Records from a data source:
·····

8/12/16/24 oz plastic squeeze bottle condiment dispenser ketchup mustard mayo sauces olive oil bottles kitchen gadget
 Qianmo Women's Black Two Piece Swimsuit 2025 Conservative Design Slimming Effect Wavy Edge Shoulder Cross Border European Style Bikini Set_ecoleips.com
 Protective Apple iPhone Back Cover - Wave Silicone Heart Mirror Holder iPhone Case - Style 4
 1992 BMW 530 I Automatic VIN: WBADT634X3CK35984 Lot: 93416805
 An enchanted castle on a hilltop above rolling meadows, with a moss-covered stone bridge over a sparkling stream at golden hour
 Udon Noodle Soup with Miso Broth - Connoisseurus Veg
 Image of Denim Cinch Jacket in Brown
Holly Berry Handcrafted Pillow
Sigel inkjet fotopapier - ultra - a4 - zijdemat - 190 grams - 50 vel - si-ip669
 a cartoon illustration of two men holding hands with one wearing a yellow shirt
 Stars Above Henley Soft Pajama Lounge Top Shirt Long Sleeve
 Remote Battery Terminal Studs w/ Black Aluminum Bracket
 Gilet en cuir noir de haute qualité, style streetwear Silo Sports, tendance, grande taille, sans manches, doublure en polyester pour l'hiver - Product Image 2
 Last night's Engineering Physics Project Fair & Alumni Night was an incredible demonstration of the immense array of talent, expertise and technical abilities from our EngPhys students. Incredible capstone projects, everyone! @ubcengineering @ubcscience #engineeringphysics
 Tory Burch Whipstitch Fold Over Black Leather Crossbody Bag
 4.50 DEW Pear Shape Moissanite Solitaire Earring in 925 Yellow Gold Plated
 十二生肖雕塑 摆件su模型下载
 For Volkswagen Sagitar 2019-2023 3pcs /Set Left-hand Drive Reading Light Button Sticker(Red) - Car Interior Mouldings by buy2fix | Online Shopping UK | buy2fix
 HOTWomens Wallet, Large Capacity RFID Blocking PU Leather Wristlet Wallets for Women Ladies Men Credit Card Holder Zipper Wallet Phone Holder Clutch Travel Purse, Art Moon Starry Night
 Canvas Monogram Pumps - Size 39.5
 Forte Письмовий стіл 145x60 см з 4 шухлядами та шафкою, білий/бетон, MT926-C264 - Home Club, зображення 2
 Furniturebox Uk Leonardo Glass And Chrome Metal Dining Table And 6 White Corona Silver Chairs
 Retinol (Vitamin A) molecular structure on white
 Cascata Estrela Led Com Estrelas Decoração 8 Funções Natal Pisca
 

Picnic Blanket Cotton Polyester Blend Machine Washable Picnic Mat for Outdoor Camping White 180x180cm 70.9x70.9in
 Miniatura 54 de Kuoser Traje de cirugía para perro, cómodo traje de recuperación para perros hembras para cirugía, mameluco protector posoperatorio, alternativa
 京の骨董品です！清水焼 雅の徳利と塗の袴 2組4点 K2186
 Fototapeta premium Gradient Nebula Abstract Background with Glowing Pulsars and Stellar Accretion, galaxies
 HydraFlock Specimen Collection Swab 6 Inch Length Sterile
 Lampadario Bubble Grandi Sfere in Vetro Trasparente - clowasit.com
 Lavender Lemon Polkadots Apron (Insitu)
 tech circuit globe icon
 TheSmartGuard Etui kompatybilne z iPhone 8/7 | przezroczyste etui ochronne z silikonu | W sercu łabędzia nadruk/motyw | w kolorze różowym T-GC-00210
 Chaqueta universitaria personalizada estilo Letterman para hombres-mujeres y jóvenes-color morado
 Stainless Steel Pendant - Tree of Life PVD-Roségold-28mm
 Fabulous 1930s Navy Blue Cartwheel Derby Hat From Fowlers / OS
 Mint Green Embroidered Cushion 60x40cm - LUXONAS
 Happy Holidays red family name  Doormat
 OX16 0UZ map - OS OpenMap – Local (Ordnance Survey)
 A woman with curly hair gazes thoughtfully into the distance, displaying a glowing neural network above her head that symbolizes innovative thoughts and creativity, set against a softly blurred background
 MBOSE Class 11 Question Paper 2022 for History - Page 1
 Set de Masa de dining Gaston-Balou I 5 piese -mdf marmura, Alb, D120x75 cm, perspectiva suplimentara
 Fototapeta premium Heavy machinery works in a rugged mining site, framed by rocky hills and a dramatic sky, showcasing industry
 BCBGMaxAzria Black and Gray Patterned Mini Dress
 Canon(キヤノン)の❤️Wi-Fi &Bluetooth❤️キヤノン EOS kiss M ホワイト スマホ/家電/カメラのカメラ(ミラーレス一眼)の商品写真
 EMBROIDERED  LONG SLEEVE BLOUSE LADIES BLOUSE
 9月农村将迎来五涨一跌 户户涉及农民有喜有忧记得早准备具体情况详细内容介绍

·····

_What is required_
Copy each line of the data above that holds "Fototapeta".

_Solution for this exercise_
 Fototapeta premium Gradient Nebula Abstract Background with Glowing Pulsars and Stellar Accretion, galaxies
 Fototapeta premium Heavy machinery works in a rugged mining site, framed by rocky hills and a dramatic sky, showcasing industry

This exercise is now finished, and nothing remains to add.